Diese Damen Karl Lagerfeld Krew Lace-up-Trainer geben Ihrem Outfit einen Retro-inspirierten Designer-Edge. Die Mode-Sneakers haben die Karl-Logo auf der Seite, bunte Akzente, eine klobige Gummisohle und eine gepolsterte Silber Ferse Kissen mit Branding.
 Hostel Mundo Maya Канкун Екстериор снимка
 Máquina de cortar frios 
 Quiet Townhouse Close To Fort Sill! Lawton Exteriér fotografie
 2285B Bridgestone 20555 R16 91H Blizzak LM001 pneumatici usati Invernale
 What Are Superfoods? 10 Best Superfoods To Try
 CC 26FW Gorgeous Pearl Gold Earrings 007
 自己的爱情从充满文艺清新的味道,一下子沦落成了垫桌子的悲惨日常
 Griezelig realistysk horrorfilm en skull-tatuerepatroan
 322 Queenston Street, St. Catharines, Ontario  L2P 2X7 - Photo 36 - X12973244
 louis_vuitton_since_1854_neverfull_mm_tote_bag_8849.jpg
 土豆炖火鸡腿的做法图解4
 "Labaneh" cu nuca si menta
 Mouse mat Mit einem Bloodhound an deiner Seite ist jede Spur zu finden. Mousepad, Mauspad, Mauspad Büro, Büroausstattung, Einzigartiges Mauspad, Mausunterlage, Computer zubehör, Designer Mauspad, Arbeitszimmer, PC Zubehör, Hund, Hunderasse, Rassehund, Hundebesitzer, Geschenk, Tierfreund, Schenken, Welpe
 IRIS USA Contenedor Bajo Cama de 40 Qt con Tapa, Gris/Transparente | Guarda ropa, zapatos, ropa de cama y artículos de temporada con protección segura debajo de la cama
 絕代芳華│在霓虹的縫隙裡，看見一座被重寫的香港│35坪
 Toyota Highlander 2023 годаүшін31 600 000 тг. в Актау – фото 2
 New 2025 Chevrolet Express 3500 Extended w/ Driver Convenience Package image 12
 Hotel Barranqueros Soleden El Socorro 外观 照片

▶ **HOW TO COMPLETE THIS TASK**: Print exactly, and only, the lines beginning at the top of the listing and ending at the line with "322 Queenston Street, St.".

▶ **ANSWER FOR THE TASK**:
Diese Damen Karl Lagerfeld Krew Lace-up-Trainer geben Ihrem Outfit einen Retro-inspirierten Designer-Edge. Die Mode-Sneakers haben die Karl-Logo auf der Seite, bunte Akzente, eine klobige Gummisohle und eine gepolsterte Silber Ferse Kissen mit Branding.
 Hostel Mundo Maya Канкун Екстериор снимка
 Máquina de cortar frios 
 Quiet Townhouse Close To Fort Sill! Lawton Exteriér fotografie
 2285B Bridgestone 20555 R16 91H Blizzak LM001 pneumatici usati Invernale
 What Are Superfoods? 10 Best Superfoods To Try
 CC 26FW Gorgeous Pearl Gold Earrings 007
 自己的爱情从充满文艺清新的味道,一下子沦落成了垫桌子的悲惨日常
 Griezelig realistysk horrorfilm en skull-tatuerepatroan
 322 Queenston Street, St. Catharines, Ontario  L2P 2X7 - Photo 36 - X12973244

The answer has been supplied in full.